Metropolitan Police
Police numbers in England and Wales have declined by over 1,200 in the last six months according to official figures Getty

The number of police officers in England and Wales has declined by over 1,200 over the last six months, official figures have shown.

According to Home Office data, the number of police officers in 43 forces across England and Wales stood at 121,929 on 30 September last year, compared with 123,142 on 31 March 2017.

The figure is also 16% lower than that recorded in 2009, when the number of police officers employed reached its peak.

The Metropolitan Police alone accounted for over 50% of the drop, with 646 officers leaving the force, the largest in England and Wales, between March and September last year.

In terms of percentages, North Yorkshire Police and West Midlands Police suffered the biggest decline, with numbers falling 4.1% and 3.7% respectively.

The Home Office has stated that while no more central funding would be made available for the pay settlement, recruitment and retention figures had remained "stable" throughout 2017.

However, senior police figures have repeatedly warned a lack of sufficient funds was leaving the forces overstretched, which could pose a risk given the rise of violent crime and a continuing terrorist threat.

"Police chiefs recognise that the policing settlement for this year is better than last year and we have welcomed the potential to increase resources," said a National Police Chiefs' Council spokesman.

"However, differences in the makeup of funding between forces mean that the increase in budgets will vary between 1.6% and 3.6%, and forces are still facing difficult choices.

"The impact on police officer numbers cannot be assessed until force budgets are finalised when police chiefs and commissioners will jointly review their options."

A Home Office spokeswoman, meanwhile, said traditional crime had declined by 40% over the past seven years and that the funding for the next few years would give forces "the resources they need to respond to changes in demand".

However, the opposition Labour Party insisted the latest figures proved the government was dangerously "out of touch" with reality.

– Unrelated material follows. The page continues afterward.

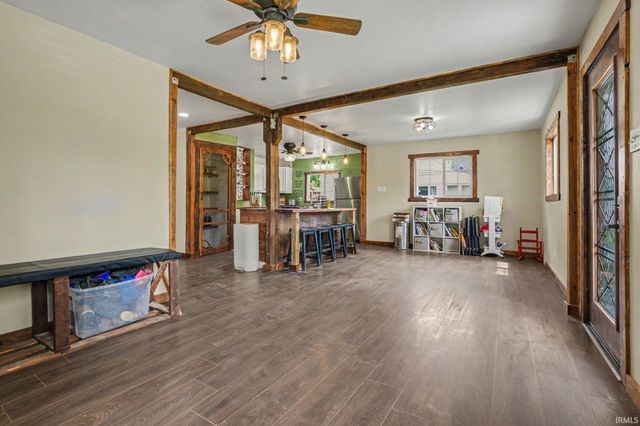 219 W Patterson Street, Lakeville, IN 46536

"Once again we see how out of touch the Conservatives are with the lives of people across this country," said the shadow policing minister, Louise Haigh.

"Over 1,200 officers lost in just six months, more than 21,000 in total under this Tory government, against a backdrop of the highest rises in recorded crime in a decade.

"And yet ministers apparently think everything's fine. Labour in government will add 10,000 police officers and provide the resources they need."